Downstairs on the orchestra level, Princess Michael of Kent, tall and blond, a coronet twinkling in her hair, stood in the center aisle, chatting with the ballerina Carla Fracci. The princess’s hostess, the Marchesa Barbara Berlingieri, hovered close by her side, turning when the princess turned, pausing when the princess paused. Larry Lovett approached to say hello. Lovett’s new Venetian Heritage had been a great success. He had wisely chosen a somewhat different mandate from that of Save Venice by funding restorations not only in Venice but throughout the old Venetian Republic—in Croatia, Turkey, and elsewhere. Although Venetian Heritage had not contributed to the rebuilding of the Fenice, Lovett had been given two choice seats in the orchestra, on the aisle. That might account, I thought, for the look of displeasure on Bea Guthrie’s face as she climbed higher and higher toward
her
complimentary seat, all the while coming closer and closer to the Save Venice-sponsored ceiling. Whether her seat assignment had been the result of a consensus within the Fenice hierarchy or the work of a lone antagonist, the insult could not have been more obvious. Larry Lovett was clearly still the favorite among Venetians with power.

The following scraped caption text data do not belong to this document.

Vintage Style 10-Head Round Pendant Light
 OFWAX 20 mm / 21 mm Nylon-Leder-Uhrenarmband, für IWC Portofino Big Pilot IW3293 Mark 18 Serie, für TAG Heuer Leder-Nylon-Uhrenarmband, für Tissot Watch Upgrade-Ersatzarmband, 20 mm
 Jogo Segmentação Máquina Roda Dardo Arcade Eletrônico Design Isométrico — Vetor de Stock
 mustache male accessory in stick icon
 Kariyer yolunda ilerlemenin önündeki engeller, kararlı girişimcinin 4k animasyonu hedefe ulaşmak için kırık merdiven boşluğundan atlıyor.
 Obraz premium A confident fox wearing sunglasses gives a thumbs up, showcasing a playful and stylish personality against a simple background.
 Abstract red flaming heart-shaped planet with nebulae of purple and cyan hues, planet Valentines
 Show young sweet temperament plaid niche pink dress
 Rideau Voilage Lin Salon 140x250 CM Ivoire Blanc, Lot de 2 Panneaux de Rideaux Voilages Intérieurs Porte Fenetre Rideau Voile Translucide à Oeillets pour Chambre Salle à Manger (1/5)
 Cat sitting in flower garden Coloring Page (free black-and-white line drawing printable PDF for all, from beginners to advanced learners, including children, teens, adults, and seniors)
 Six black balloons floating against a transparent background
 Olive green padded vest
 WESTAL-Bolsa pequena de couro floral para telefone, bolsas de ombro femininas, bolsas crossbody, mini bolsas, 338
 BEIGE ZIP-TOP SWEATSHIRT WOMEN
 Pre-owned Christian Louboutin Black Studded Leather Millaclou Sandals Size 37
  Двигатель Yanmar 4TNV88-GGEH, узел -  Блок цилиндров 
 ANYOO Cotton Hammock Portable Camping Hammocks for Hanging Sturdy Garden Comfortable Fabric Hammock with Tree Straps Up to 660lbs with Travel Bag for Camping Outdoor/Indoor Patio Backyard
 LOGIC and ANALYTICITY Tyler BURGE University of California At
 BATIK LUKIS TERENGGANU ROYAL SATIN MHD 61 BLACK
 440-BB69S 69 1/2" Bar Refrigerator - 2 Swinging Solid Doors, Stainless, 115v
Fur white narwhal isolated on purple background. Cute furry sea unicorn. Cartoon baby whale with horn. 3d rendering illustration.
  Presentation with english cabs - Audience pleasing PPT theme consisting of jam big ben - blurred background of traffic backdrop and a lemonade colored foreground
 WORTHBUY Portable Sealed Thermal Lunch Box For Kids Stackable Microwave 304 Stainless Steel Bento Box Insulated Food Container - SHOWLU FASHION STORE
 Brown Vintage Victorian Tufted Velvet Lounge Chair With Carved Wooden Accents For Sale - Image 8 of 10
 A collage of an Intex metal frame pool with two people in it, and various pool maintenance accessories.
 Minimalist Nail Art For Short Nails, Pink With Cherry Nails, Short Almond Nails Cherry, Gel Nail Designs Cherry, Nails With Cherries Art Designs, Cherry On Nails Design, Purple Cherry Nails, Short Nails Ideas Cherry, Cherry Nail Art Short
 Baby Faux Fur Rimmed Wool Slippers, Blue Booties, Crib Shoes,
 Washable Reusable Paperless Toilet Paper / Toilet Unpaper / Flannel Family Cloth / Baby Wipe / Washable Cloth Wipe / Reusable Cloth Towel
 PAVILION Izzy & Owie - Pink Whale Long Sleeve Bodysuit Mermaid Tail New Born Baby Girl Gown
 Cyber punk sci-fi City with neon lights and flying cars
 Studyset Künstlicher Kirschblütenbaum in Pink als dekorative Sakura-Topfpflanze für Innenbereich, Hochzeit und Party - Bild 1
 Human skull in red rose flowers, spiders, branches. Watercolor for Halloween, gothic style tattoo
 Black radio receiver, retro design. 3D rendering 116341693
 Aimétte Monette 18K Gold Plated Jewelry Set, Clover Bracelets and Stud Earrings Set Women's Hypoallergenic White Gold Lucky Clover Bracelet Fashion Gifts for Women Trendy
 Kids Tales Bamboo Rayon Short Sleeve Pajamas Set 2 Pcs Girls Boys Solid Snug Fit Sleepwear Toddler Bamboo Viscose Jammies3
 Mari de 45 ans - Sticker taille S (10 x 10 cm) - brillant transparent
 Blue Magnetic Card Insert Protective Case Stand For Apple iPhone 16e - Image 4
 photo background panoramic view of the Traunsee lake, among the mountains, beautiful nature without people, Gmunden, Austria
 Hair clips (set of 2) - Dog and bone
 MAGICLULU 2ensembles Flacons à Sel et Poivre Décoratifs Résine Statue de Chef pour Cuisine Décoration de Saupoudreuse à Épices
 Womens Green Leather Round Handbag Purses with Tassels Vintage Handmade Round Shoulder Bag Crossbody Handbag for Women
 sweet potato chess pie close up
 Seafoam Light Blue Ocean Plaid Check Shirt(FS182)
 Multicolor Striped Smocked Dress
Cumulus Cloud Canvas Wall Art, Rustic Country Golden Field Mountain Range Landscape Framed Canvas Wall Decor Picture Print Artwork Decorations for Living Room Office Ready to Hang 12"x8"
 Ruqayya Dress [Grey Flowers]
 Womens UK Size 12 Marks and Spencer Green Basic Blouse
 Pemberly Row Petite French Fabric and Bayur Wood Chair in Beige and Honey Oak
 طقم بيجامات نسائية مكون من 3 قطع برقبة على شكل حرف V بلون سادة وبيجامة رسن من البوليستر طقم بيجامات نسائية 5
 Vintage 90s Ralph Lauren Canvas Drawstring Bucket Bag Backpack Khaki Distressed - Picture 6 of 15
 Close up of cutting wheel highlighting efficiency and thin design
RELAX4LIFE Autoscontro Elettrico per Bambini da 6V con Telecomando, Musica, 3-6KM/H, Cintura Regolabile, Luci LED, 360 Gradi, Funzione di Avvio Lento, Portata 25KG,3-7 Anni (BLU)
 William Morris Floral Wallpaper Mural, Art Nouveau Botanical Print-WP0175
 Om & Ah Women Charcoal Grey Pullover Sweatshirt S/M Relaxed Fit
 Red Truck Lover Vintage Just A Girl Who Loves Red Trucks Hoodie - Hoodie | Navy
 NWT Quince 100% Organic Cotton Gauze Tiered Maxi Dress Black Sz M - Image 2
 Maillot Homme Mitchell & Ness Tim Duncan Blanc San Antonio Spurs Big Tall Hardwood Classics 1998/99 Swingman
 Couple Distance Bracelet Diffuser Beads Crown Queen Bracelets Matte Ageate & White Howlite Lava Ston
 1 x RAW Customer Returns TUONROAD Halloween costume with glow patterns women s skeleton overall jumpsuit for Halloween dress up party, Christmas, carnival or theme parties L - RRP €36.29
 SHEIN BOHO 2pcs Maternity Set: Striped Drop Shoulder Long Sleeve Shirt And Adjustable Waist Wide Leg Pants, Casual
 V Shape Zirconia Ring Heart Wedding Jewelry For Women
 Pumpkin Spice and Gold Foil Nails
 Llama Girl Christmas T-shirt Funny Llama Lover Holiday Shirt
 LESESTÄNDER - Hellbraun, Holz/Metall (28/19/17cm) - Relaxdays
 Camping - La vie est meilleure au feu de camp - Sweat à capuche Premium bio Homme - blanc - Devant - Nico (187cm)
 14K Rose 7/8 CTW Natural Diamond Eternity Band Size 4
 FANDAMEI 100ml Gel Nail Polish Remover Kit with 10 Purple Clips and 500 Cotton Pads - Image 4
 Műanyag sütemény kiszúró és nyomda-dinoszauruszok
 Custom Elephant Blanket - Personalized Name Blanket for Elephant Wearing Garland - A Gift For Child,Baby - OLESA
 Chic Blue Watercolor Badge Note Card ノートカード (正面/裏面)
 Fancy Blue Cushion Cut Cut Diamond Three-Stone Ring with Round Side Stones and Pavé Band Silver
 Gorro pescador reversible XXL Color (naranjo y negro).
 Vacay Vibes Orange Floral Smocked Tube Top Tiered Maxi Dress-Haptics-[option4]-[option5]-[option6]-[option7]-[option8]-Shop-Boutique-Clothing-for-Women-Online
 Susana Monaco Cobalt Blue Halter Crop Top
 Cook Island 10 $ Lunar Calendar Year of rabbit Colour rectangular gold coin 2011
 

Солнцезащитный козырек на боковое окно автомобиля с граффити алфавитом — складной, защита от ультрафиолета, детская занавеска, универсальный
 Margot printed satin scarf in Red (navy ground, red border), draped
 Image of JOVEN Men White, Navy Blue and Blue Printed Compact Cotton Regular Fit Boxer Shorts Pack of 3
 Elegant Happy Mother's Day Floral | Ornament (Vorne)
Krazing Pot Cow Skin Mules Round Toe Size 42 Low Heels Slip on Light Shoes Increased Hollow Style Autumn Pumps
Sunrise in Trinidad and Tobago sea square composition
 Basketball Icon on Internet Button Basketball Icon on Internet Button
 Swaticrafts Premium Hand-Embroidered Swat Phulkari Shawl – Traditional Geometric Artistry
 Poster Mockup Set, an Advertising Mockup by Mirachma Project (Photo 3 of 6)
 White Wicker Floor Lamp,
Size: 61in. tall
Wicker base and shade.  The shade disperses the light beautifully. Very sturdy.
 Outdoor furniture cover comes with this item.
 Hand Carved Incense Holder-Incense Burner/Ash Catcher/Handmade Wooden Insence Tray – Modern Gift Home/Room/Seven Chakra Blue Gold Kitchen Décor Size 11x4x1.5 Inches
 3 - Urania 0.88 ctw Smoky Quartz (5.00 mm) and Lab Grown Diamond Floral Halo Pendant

A hush came over the audience as members of the Fenice orchestra took the stage and began tuning up; the chorus filed in behind them. I looked around the hall and recognized a man sitting in a box directly across from me. He was scanning the crowd through a pair of opera glasses, and it occurred to me that he might have been looking for Jane Rylands. Mrs. Rylands had recently taken people by surprise by publishing a book of short stories set in Venice. Some of her fictional characters appeared to be based on real people, or certain aspects of real people, or combinations of real people. The man with the opera glasses had discovered a number of uncomfortable similarities between himself and a character who was the butt of a particularly vicious satire in Jane’s book. Jane insisted that all of her characters were total fabrications. However, at a recent Guggenheim reception, Philip Rylands had engaged the man in conversation, and at one point lightheartedly referred to an innocuous detail of the man’s ancestry, not realizing that this detail had been invented by Jane as part of her character’s thin disguise.
The man stared icily at Philip.
“That’s true, isn’t it?” Philip asked, referring to the ancestral detail.
“Only in your wife’s book!” the man replied.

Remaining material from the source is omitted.